The following Python code demonstrates how to handle message processing and acknowledgment in a Cloud Run service:

from flask import Flask, request

app = Flask(__name__)

@app.route('/', methods=['POST'])
def index():
    # Extract Pub/Sub message from request
    envelope = request.get_json()
    message = envelope['message']

    try:
        # Process message
        # ...

        # Acknowledge message with 200 OK
        return '', 200
    except Exception as e:
        # Log exception
        # ...

        # Message not acknowledged, will be retried
        return '', 500

if __name__ == '__main__':
    app.run(port=8080, debug=True)

Additional Considerations:

Error Handling: Implement robust error handling and logging to capture any issues during message processing.
Idempotency: Ensure your message processing logic is idempotent, meaning it can be safely executed multiple times without unintended consequences. This is important as Pub/Sub might redeliver messages even after successful acknowledgment in certain scenarios.
Response Time: Be mindful of your service's response time. If it takes too long to respond, exceeding the acknowledgment deadline configured in the subscription, Pub/Sub might consider the message unreceived and send it again.

View solution in original post

ms4446

Here is how to acknowledge a message in a Cloud Run endpoint triggered by a push-type Pub/Sub subscription and prevent retries:

Acknowledgment in Push Subscriptions:

For push subscriptions, where Pub/Sub sends messages to your Cloud Run service endpoint, acknowledgment occurs implicitly through an HTTP response. There's no need for the .ack() or .nack() methods used in pull subscriptions.
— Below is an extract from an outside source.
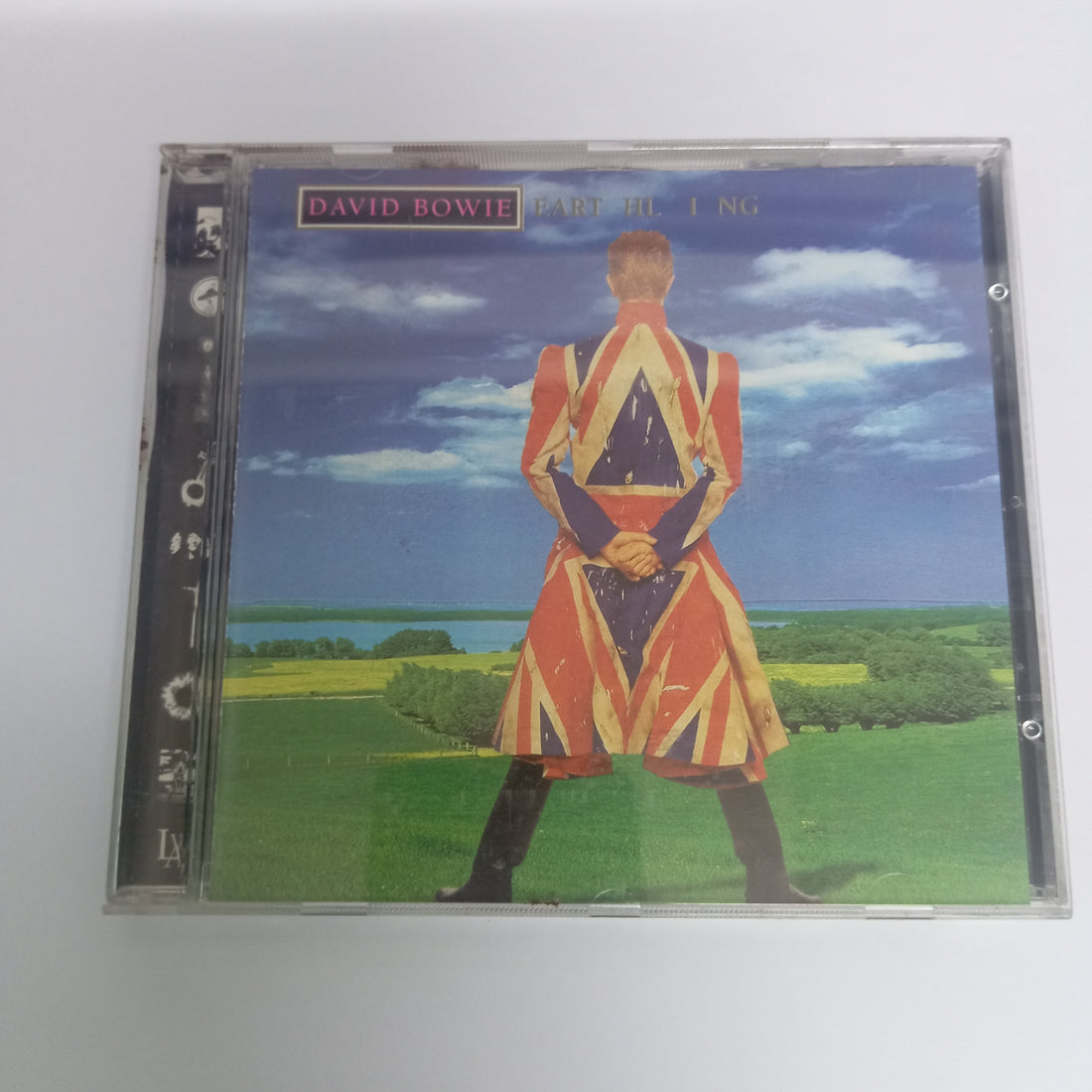 ซีดี David Bowie - Earthling (CD) (VG+)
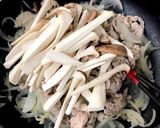 ★豚肉とエリンギの炒め物☆作り方4写真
Acknowledgement with 200 OK:

To acknowledge a message successfully and prevent retries, your Cloud Run service needs to respond with an HTTP 200 OK status code. This tells Pub/Sub that the message was processed successfully and shouldn't be redelivered.

Example Code:

The following Python code demonstrates how to handle message processing and acknowledgment in a Cloud Run service:

from flask import Flask, request

app = Flask(__name__)

@app.route('/', methods=['POST'])
def index():
    # Extract Pub/Sub message from request
    envelope = request.get_json()
    message = envelope['message']

    try:
        # Process message
        # ...

        # Acknowledge message with 200 OK
        return '', 200
    except Exception as e:
        # Log exception
        # ...

        # Message not acknowledged, will be retried
        return '', 500

if __name__ == '__main__':
    app.run(port=8080, debug=True)

Additional Considerations:

Error Handling: Implement robust error handling and logging to capture any issues during message processing.
Idempotency: Ensure your message processing logic is idempotent, meaning it can be safely executed multiple times without unintended consequences. This is important as Pub/Sub might redeliver messages even after successful acknowledgment in certain scenarios.
Response Time: Be mindful of your service's response time. If it takes too long to respond, exceeding the acknowledgment deadline configured in the subscription, Pub/Sub might consider the message unreceived and send it again.

a_train

I use this code but my messages are still not ACKed.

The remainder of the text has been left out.